Hongkong; tien jaar Chinees en ook weer niet
HONGKONG (ANP) – Het regende pijpenstelen toen Groot-Brittannië op 30 juni 1997 om middernacht na 156 jaar overheersing de kroonkolonie Hongkong overdroeg aan de Chinezen. De welvarende kapitalistische metropool en het belangrijke financiële centrum kwam onder gezag van de alleenheersende communistische partij van moederland China en menigeen hield zijn hart vast.

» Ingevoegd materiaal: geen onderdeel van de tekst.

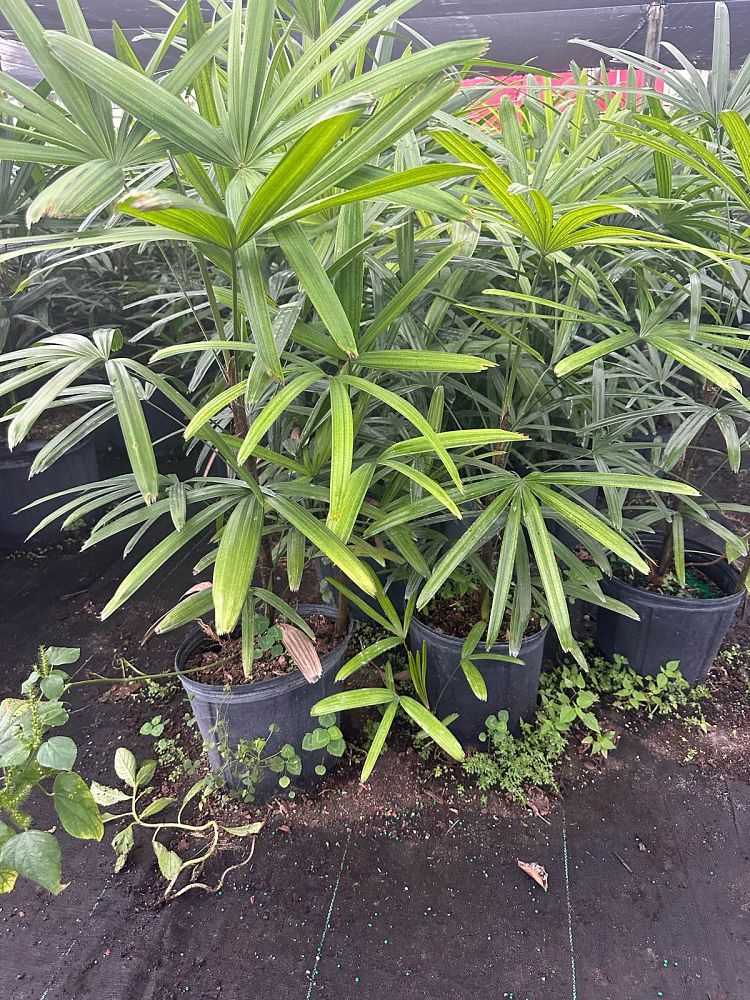 rhapis-excelsa-lady-palm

Het noodweer was vast een symbolische voorbode van de ijzeren greep van de volksrepubliek die zou gaan komen, zo schreven critici destijds. Groot–Brittannië was weliswaar met China overeengekomen dat Hongkong zeker vijftig jaar lang het kapitalistische systeem en de vergaande autonomie mocht behouden, het stelsel van „een land-twee systemen" zou gedoemd zijn om te falen.Vriend en vijand moeten na een decennium vaststellen dat er weliswaar sprake is van een nog altijd ongemakkelijke relatie tussen China en Hongkong, maar de ijzeren grip is er niet gekomen. Hongkong heeft nog steeds een eigen munteenheid, een eigen landencode voor telefoonverkeer en het Britse juridische systeem, compleet met rechters die pruiken dragen.

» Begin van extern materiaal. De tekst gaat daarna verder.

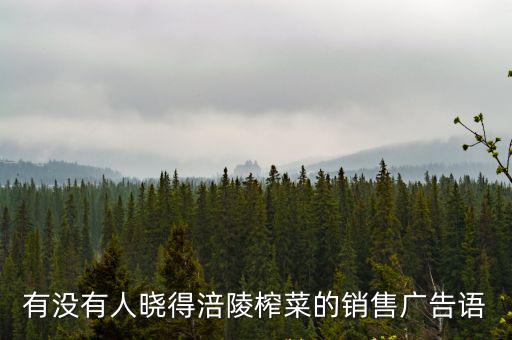 有沒(méi)有人曉得涪陵榨菜的銷售廣告語(yǔ)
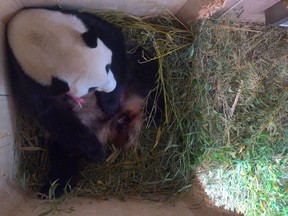 In this grab taken from video provided by Tiergarten Schoenbrunn on Monday, Aug. 8, 2016, Yang Yang the panda cradles her new cub.  Vienna Zoo is celebrating the birth of a rare giant panda. The baby bear was born Sunday to mother Yang Yang and father Long Hui. It's their fourth cub, after Fu Long, Fu Hu and Fu Bao. (Tiergarten Schoenbrunnn via AP)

Zelfs de Britse ex-premier Margaret Thatcher, die jaren onderhandelde over de voorwaarden voor de overdracht, erkende kortgeleden tegenover de BBC dat de zorgen destijds over de toekomst van Hongkong „grotendeels ongegrond" waren.

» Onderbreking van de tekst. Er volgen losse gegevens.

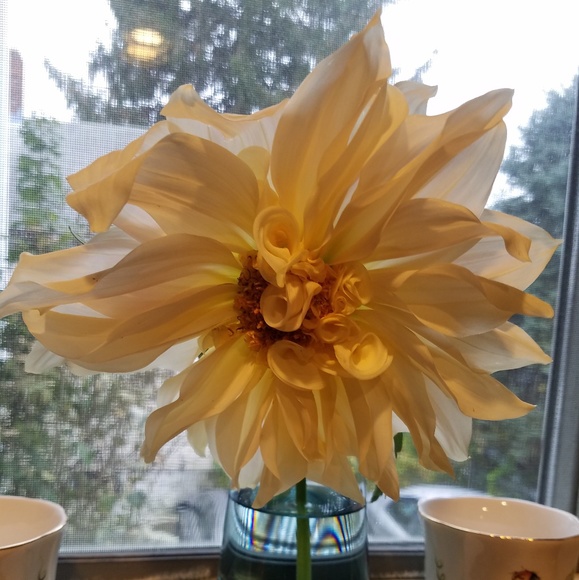 Meet your Posher, Lisa - Picture 1 of 1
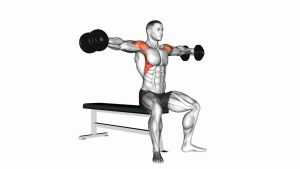 Read more about the article Dumbbell Seated Lateral Raise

Duidelijk is echter ook dat het democratische gehalte, voor zover al aanwezig onder Britse heerschappij, van Hongkong deuken vertoont. Bestuurlijk heeft Peking de macht en de „minigrondwet" die Hongkong vergaande autonomie garandeert kan door Peking naar eigen inzicht worden geïnterpreteerd.
De bijna zeven miljoen inwoners van Hongkong hebben de afgelopen tien jaar behoorlijk vrij en welvarend kunnen leven, ondanks de grote financiële Aziatische crisis, de verspreiding van de longziekte SARS en een fors toegenomen luchtvervuiling van de stad.
De grootste crisis met China was in 2003 toen –ongekend– honderdduizenden mensen de straat op gingen om te betogen tegen nieuwe veiligheidswetten die de burgerrechten te veel zouden aantasten. De betoging was ook een uiting van onvrede over het feit dat de Hongkongers niet hun eigen leider mogen kiezen, de zogenoemde Chief Executive. Dat is een zaak die Peking regelt.
De toenmalige bestuurder Tung Chee-hwa vertrok uiteindelijk in 2005 wegens gezondheidsredenen en zijn opvolger Donald Tsang beloofde de burgers voor 2012 een oplossing voor het „democratische probleem". Het lijkt vooralsnog uitgesloten dat Peking volledig vrije verkiezingen zal toestaan in Hongkong. De Chinese leiders dulden simpelweg geen chef-bestuurder die mogelijk op ramkoers gaat met het moederland.
Het kapitalisme lijkt niet in gevaar in Hongkong. China mag dan communistisch in naam zijn, de economie is „booming" en voluit kapitalistisch. Hongkong speelt een belangrijke rol in het streven van China een echte wereldmacht te worden, al was het alleen al omdat Hongkong intussen New York heeft ingehaald als de (na Londen) op een na populairste plaats ter wereld om bedrijven naar de beurs te brengen.